Negli anni Ottanta, contesto in cui è ambientata la serie, l’omosessualità era spesso associata alla colpa, al silenzio, alla vergogna. Will cresce dentro questo clima: capisce di essere diverso, di provare un amore che non osa pronunciare, e vive con il terrore che la verità possa allontanare le persone che ama. Il suo coming out non è un gesto spettacolare, non è un colpo di scena. È qualcosa di più potente: è una confessione sussurrata, carica di tremore e di dignità. È la voce di chi, per la prima volta, decide di non nascondersi più.

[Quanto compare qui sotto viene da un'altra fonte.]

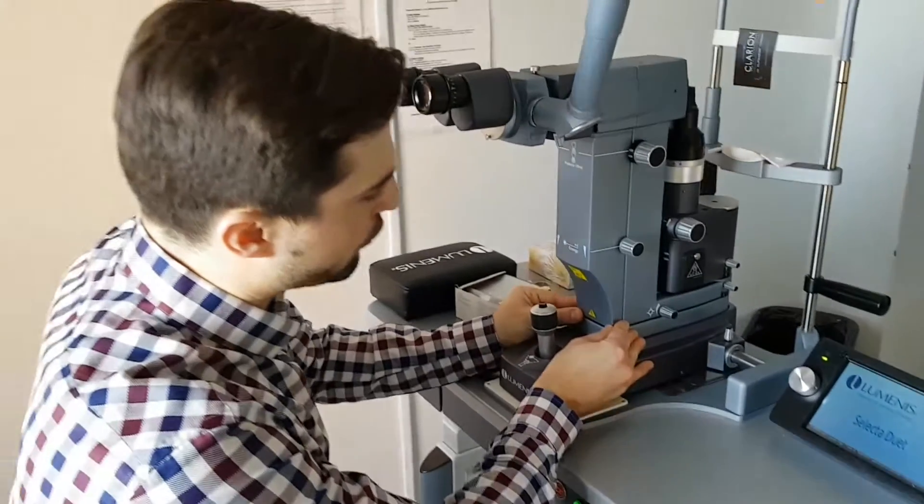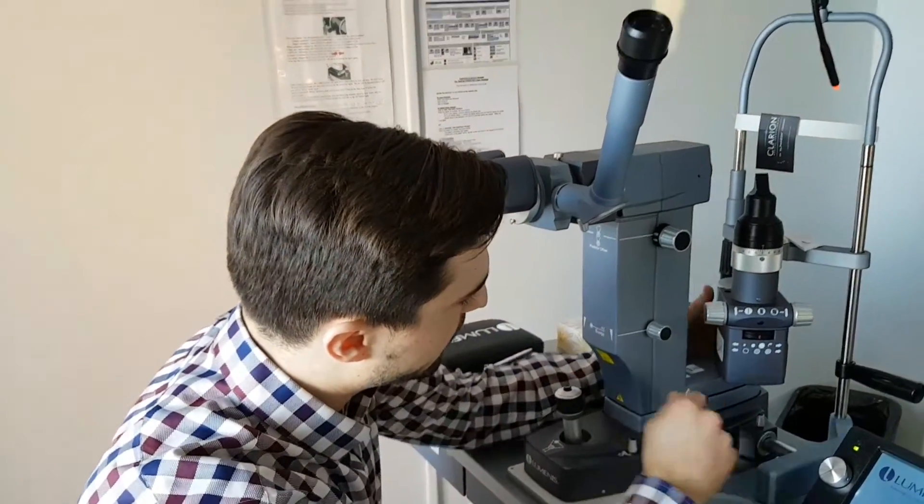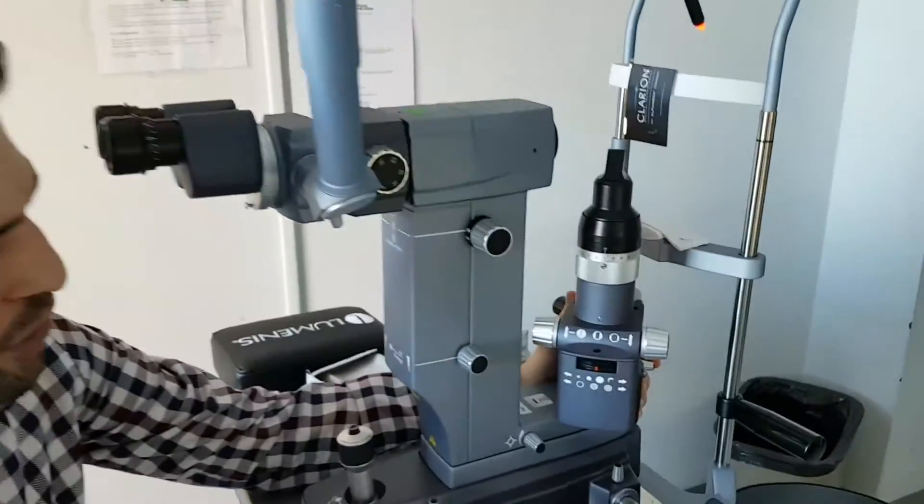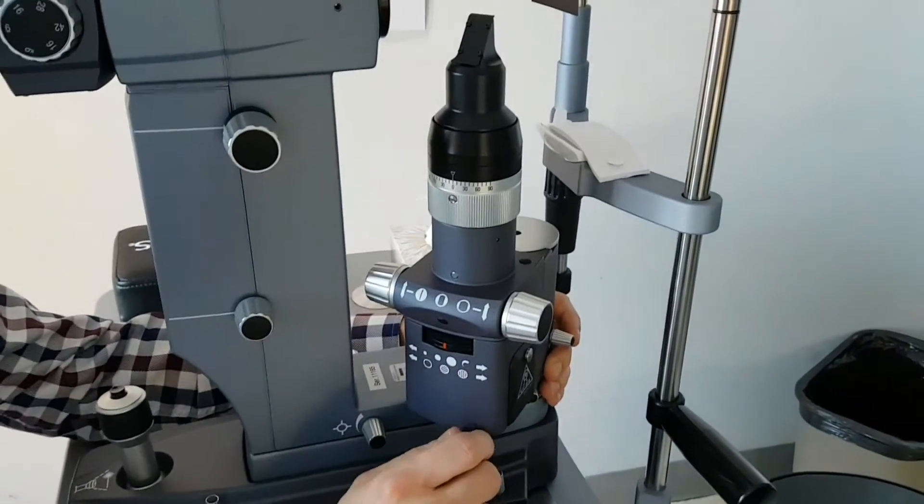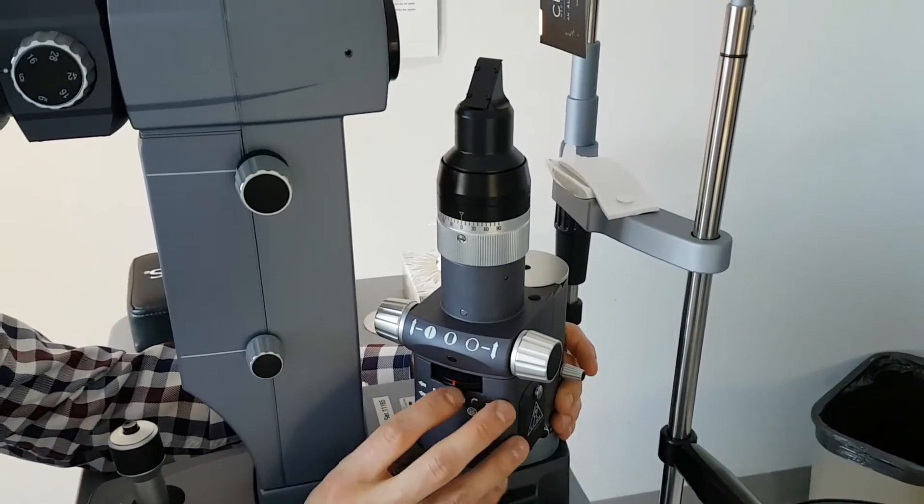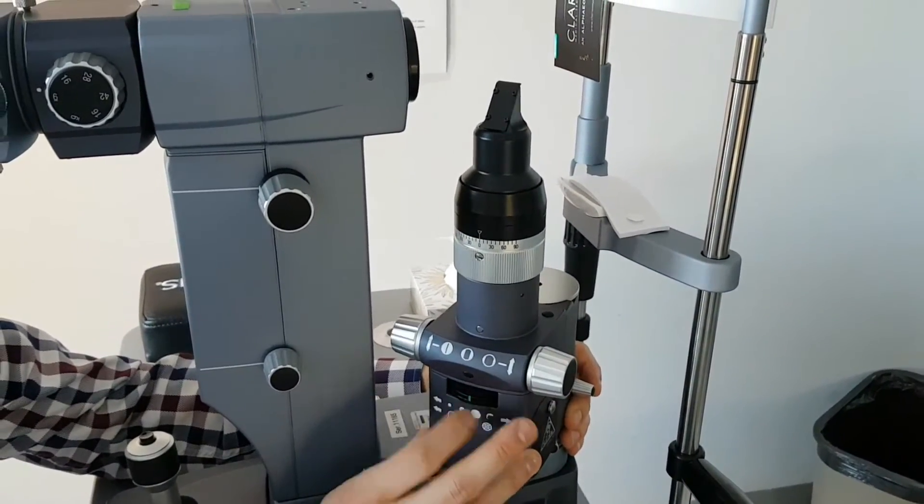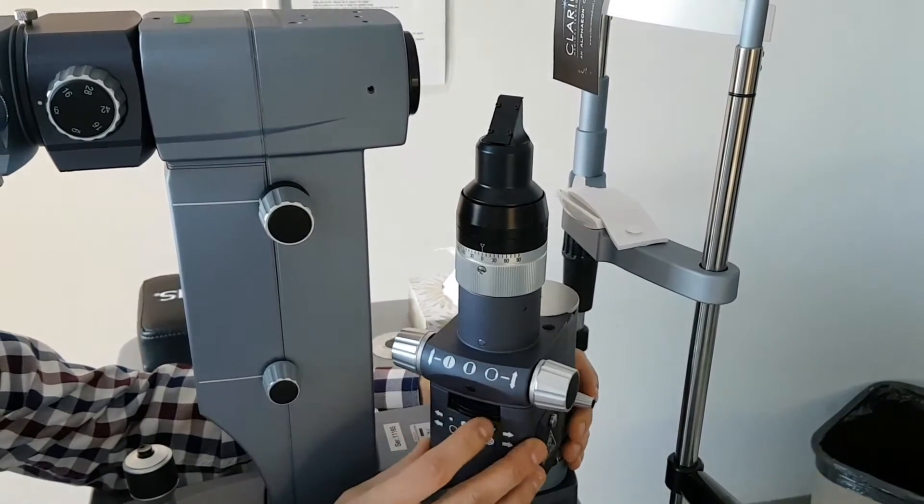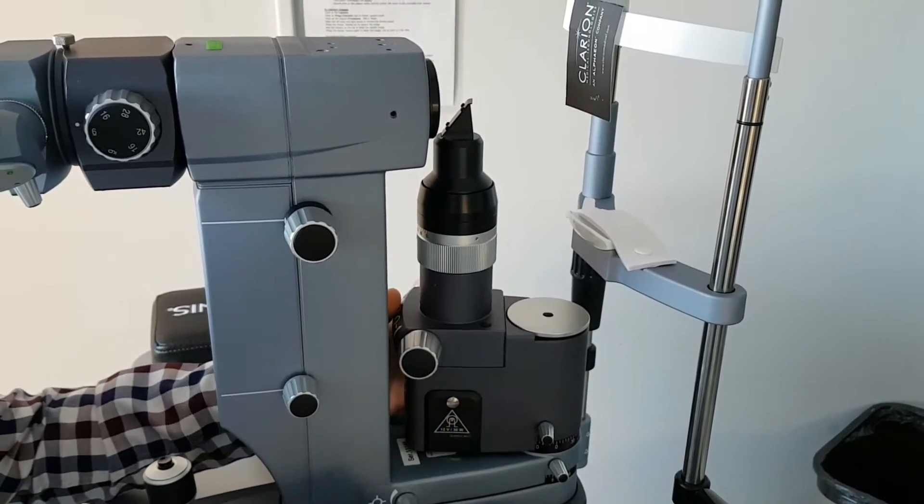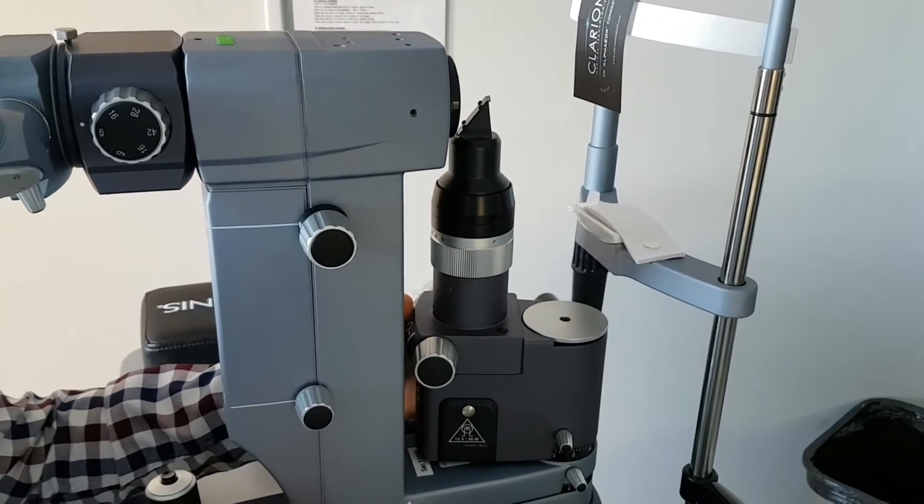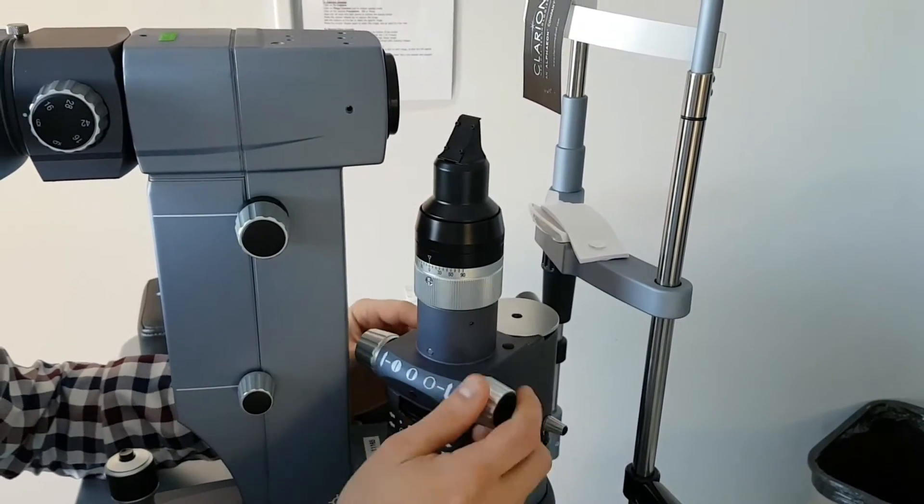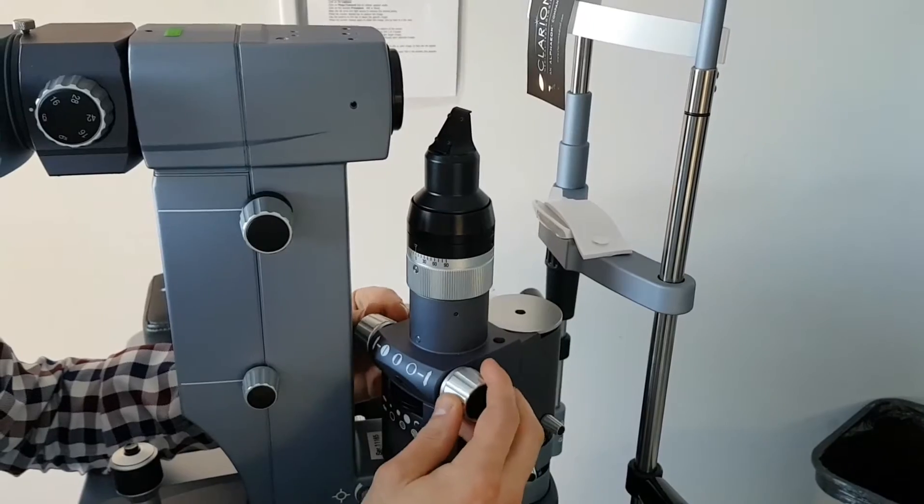If we move on to the slit lamp functions, you have initially those two wheels here that you can play with.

La fantasia che diventa umanità

In quel momento, Stranger Things smette di essere una serie fantasy e diventa un racconto profondamente umano. Will non sta solo parlando del suo amore per Mike. Sta affermando il diritto di esistere senza chiedere scusa. Sta trasformando la profezia di Vecna – un futuro di solitudine e rifiuto – in una possibilità diversa: quella dell’accoglienza. Dal punto di vista psicologico, è una scena di liberazione. Il mostro che lo perseguitava non era solo un’entità esterna: era l’incarnazione della paura interiorizzata, dello sguardo giudicante del mondo. Dire “io sono questo” significa spezzare il potere del nemico più antico: la vergogna.

Finzione e realtà si incontrano

Il percorso di Will assume un valore ancora più forte se lo si affianca alla storia personale dell’attore Noah Schnapp, che ha pubblicamente condiviso la propria identità. Non come gesto mediatico, ma come naturale estensione di un personaggio che, per anni, ha rappresentato il silenzio di molti. È il punto in cui la finzione incontra la realtà, e le due si sostengono a vicenda.

Stranger Things e le narrazioni LGBTQ+ storiche

In questo senso, Stranger Things si inserisce in una tradizione di narrazioni che hanno cambiato la televisione e il modo di guardare alle identità LGBTQ+. Il coming out di Ellen DeGeneres nel 1997 in Ellen fu uno spartiacque: per la prima volta, una protagonista dichiarava se stessa davanti a milioni di spettatori. Will & Grace portò nelle case una normalità nuova, fatta di ironia, quotidianità, relazioni, senza più l’obbligo di giustificarsi. Ma ciò che rende Will diverso è il contesto emotivo: il suo non è un manifesto, è una richiesta d’amore.

Il messaggio finale: verità, accettazione e umanità

Ed è forse questo il messaggio più profondo del finale: non esiste crescita senza verità, non esiste amicizia senza riconoscimento, non esiste salvezza senza accettazione. E in un tempo in cui l’identità è ancora terreno di scontro, questa non è soltanto una storia. È una carezza. Un atto di umanità.